Industries avoiding machinery imports due to high taxes: PBIF

LAHORE: Pakistan Businessman and Intellectual Forums (PBIF) President, Mian Zahid Hussain on Friday stated investors are avoiding imports of machinery due to high taxation regime.

He called for removal of taxes on import of machinery to encourage industrial development in Pakistan, which would enhance economic growth. Also, Mr. Hussain urged the government to resolve the issue of installation and usage of latest equipment and machinery by eliminating taxes and duties on imports of industrial machinery.

He stressed industrial development in countries happened due to zero rated tax regime, where machinery was exempt from all kind of taxes and duties. PBIF while speaking to businessman shared over 35 countries had imposed taxes on machinery imports, which led to the destruction of their industrial sector.

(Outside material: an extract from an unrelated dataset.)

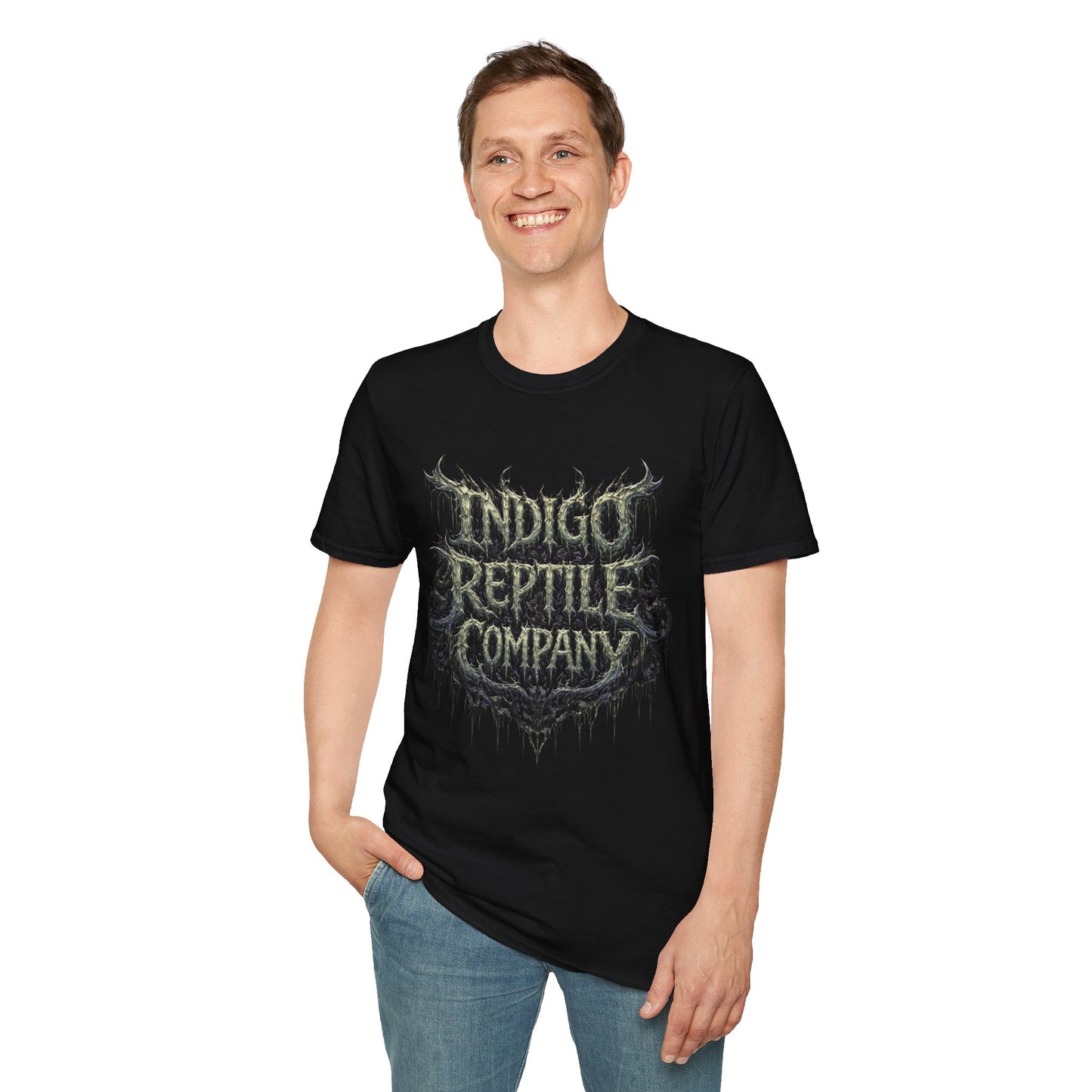 Indigo Reptiles Company Graphic Tee – Vintage Metal Style T-Shirt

Furthermore, Mr. Hussain said Pakistan under SRO-769 had removed taxes on import of industrial machinery in 1980-85 and 2000-2005 which had contributed to industrial development and growth in Pakistan.

The implementation of SRO-809 according to PBIF president benefitted large players in the industrial sector which gained strength at expense of normal industries and commercial importers who are now in trouble.

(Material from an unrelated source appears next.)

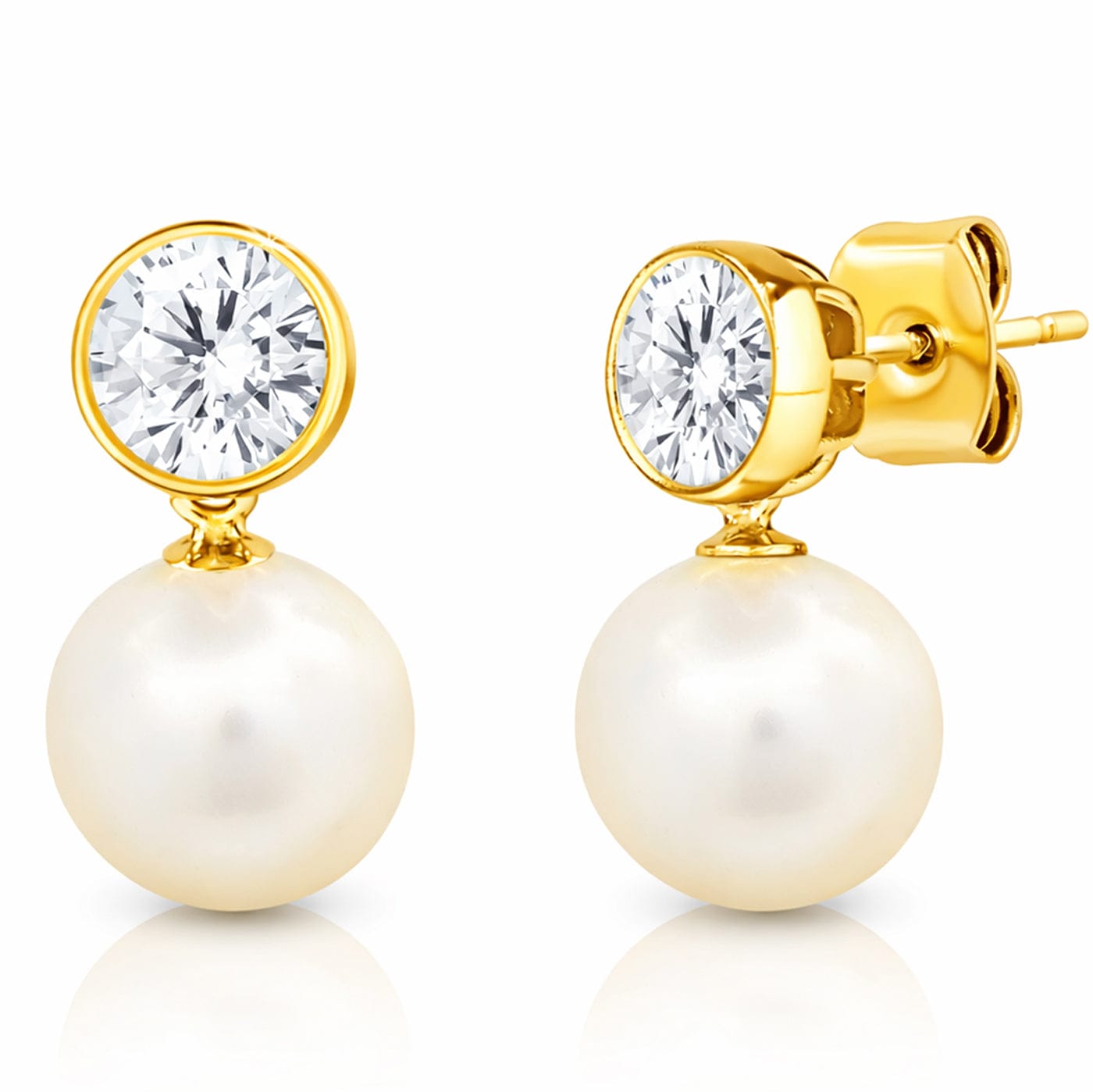CZ Drop Pearl Stud Earrings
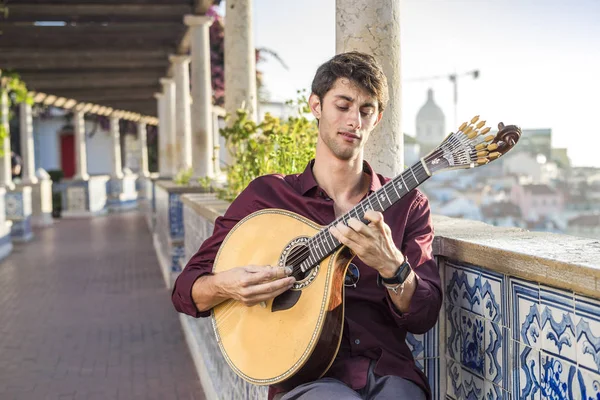 Fado Musician Playing Unique Portuguese Guitar Alfama Lisbon Portugal Royalty Free Stock Photos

Mr. Hussain said if government had removed taxes on import of industrial machinery, all industrial units would have converted to modern machines and equipment which would increase production and result in increased revenue and exports.

PBIF President added latest used machinery could be procured at cheap prices from various countries, but high tax rates enforced on weight of machinery instead of its price on $1.65 per kg basis, was disheartening industries not to import latest machinery, which was causing revenue losses and fall in exports.